| name | visual-check |
| description | Visually verify web UI using a rubber duck MCP with Chrome browser tools. Use after building or modifying web UI components. |
| argument-hint | [page-path] [checklist items...] |
Visual Check
Visually verify the web UI by using a rubber duck (MCP) with Chrome browser tools.
As a verification skill
verify_skill: visual-check is a valid ## Verification value in a project's CLAUDE.md. When set, /implement's Phase 4b″ runs /dev-process-toolkit:visual-check — with its built-in MCP-probe path and manual-checklist fallback — as the per-FR verification pass. This is the zero-authoring verification path for web UIs: declare it and get visual verification without writing a project-local check skill.
Process
0. Check MCP availability
Before anything else, check if the rubber duck MCP is available:
- Attempt a
list_ducks MCP call
- If the call succeeds, proceed to step 1
If the call fails or returns an error, MCP is unavailable. Display:
⚠️ mcp-rubber-duck is not configured.
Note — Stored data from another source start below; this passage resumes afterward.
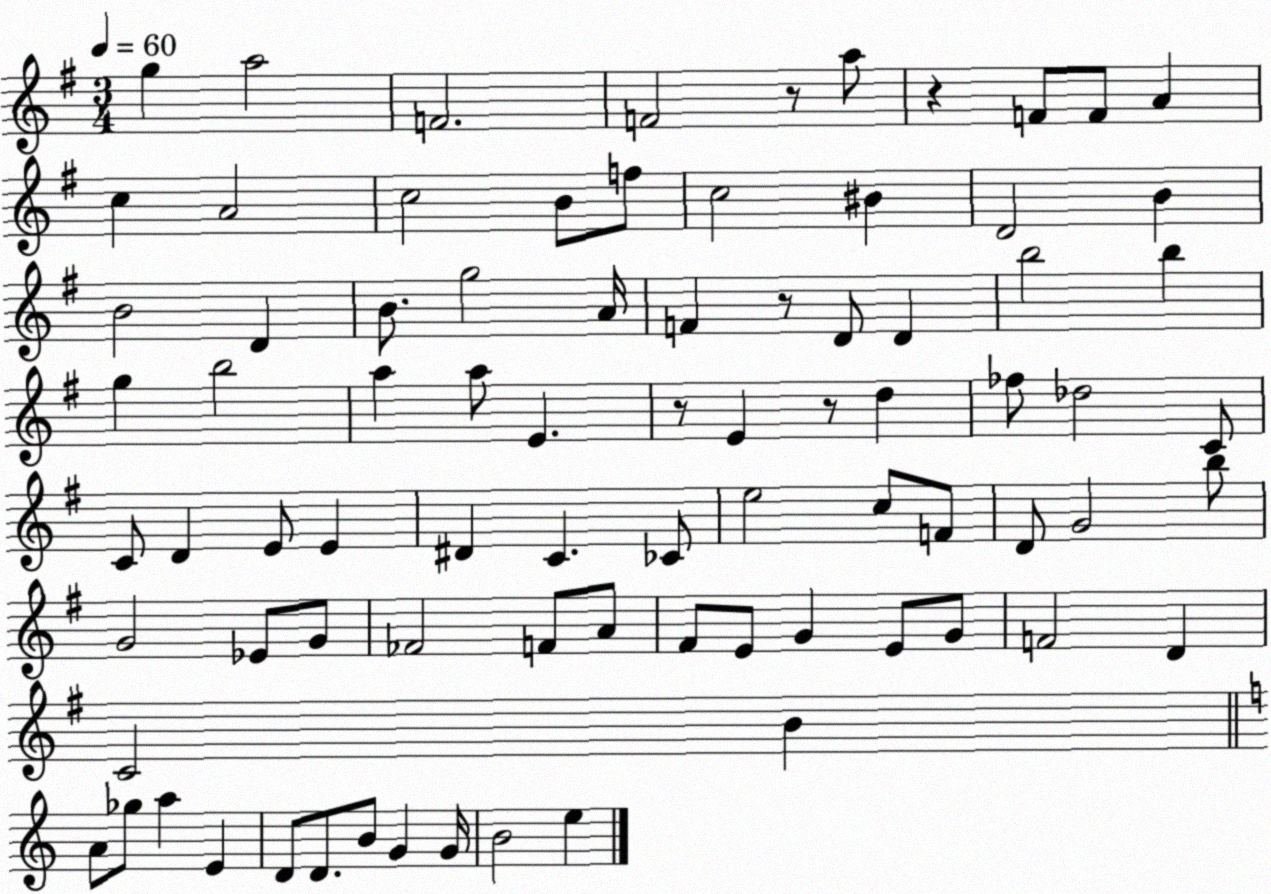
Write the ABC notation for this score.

X:1
T:Untitled
M:3/4
L:1/4
K:G
g a2 F2 F2 z/2 a/2 z F/2 F/2 A c A2 c2 B/2 f/2 c2 ^B D2 B B2 D B/2 g2 A/4 F z/2 D/2 D b2 b g b2 a a/2 E z/2 E z/2 d _f/2 _d2 C/2 C/2 D E/2 E ^D C _C/2 e2 c/2 F/2 D/2 G2 b/2 G2 _E/2 G/2 _F2 F/2 A/2 ^F/2 E/2 G E/2 G/2 F2 D C2 B A/2 _g/2 a E D/2 D/2 B/2 G G/4 B2 e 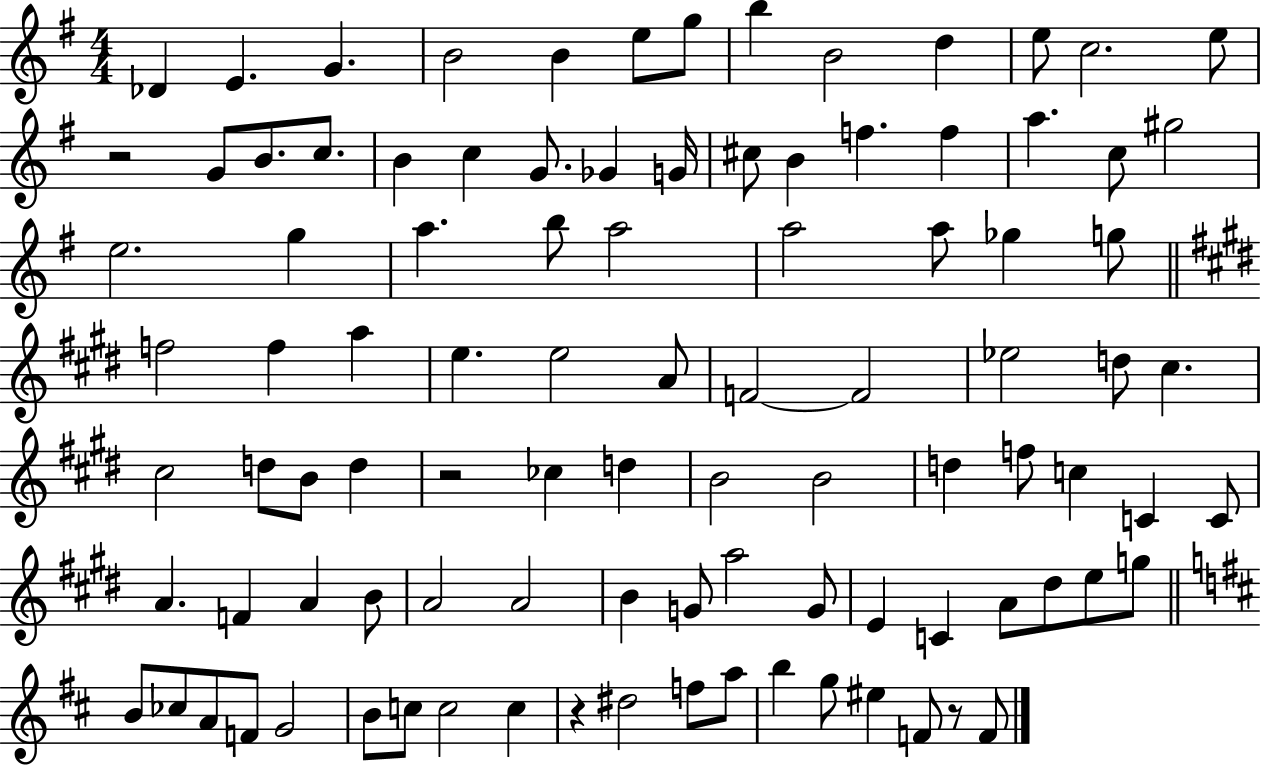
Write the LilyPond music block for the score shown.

{
  \clef treble
  \numericTimeSignature
  \time 4/4
  \key g \major
  des'4 e'4. g'4. | b'2 b'4 e''8 g''8 | b''4 b'2 d''4 | e''8 c''2. e''8 | \break r2 g'8 b'8. c''8. | b'4 c''4 g'8. ges'4 g'16 | cis''8 b'4 f''4. f''4 | a''4. c''8 gis''2 | \break e''2. g''4 | a''4. b''8 a''2 | a''2 a''8 ges''4 g''8 | \bar "||" \break \key e \major f''2 f''4 a''4 | e''4. e''2 a'8 | f'2~~ f'2 | ees''2 d''8 cis''4. | \break cis''2 d''8 b'8 d''4 | r2 ces''4 d''4 | b'2 b'2 | d''4 f''8 c''4 c'4 c'8 | \break a'4. f'4 a'4 b'8 | a'2 a'2 | b'4 g'8 a''2 g'8 | e'4 c'4 a'8 dis''8 e''8 g''8 | \break \bar "||" \break \key d \major b'8 ces''8 a'8 f'8 g'2 | b'8 c''8 c''2 c''4 | r4 dis''2 f''8 a''8 | b''4 g''8 eis''4 f'8 r8 f'8 | \break \bar "|."
}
See setup instructions to enable automated visual verification.
Then fall back to the manual verification path below.
Manual Verification Checklist
When MCP is unavailable, guide the user through manual checks:
Report results as a pass/fail summary:
- ✓ Description of what passed
- ✗ Description of what failed
Then skip to step 4 (clean up).
1. Ensure the dev server is running
Detect the dev server URL from the project's CLAUDE.md or config files (e.g., package.json scripts, vite.config). Default: http://localhost:5173.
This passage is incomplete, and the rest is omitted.